By KATHY BARKS HOFFMAN
AP Political Writer
Michigan Gov. Rick Snyder isn't yet announcing his re-election bid, but he says there's still a lot he wants to accomplish that may spill into a second term.
The Republican governor told The Associated Press in a Friday interview that he has learned after a year and a half in office that "things don't happen overnight." He says that's where persistence pays off, one reason he's considering another run in 2014.
Snyder says he hopes people "are excited about what we've accomplished" and want to keep the same team in place through 2018.
The Ann Arbor venture capitalist won a five-way GOP primary in 2010 and the general election after spending nearly $6 million of his own money on the race.
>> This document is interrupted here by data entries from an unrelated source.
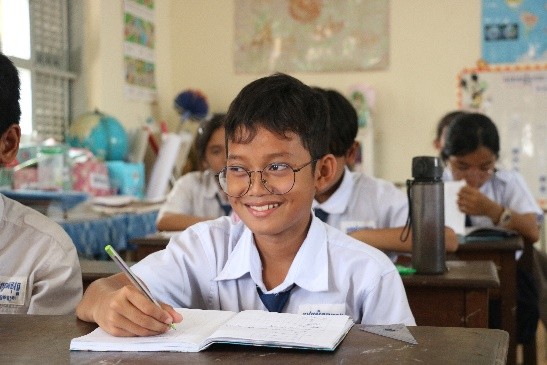 Mr. Ket Monireach smiling. He is seated in his classromm and is writing in his notebook.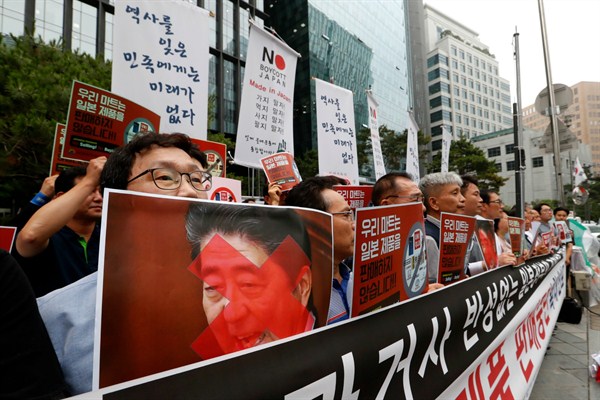 South Korean small and medium-sized business owners stage a rally calling for a boycott of Japanese products in front of the Japanese embassy in Seoul, South Korea, July 15, 2019 (AP photo by Ahn Young-joon).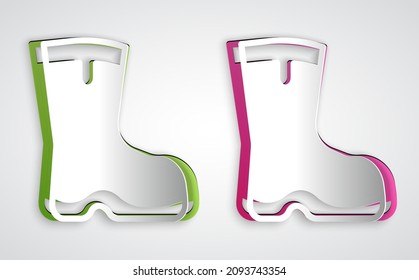 Paper cut Fishing boots icon isolated on grey background. Waterproof rubber boot. Gumboots for rainy weather, fishing, hunter, gardening. Paper art style. Vector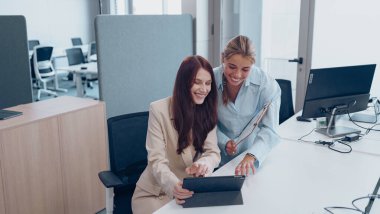 İki profesyonel kadın modern bir çalışma alanında iş birliği yaparken aktif olarak bir tabletle uğraşıyorlar.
He took office Jan. 1, 2011.
Meanwhile, Snyder says the "mess in Washington" is holding back the nation's recovery, but he doesn't blame any single person for high jobless rates.
Snyder says that neither the nation's 8.3 percent unemployment rate for July nor Michigan's 8.6 percent rate for June are "good enough."
But he also points out that Michigan's rate is down from the 14.4 percent peak it hit in fall 2009. He says the national rate "really needs to come down."
He says Democratic President Barack Obama and Republican opponent Mitt Romney should spend more time talking about what they want to do "rather than spending time talking about why the other person has issues."
He says the nation's economy needs "common-sense solutions."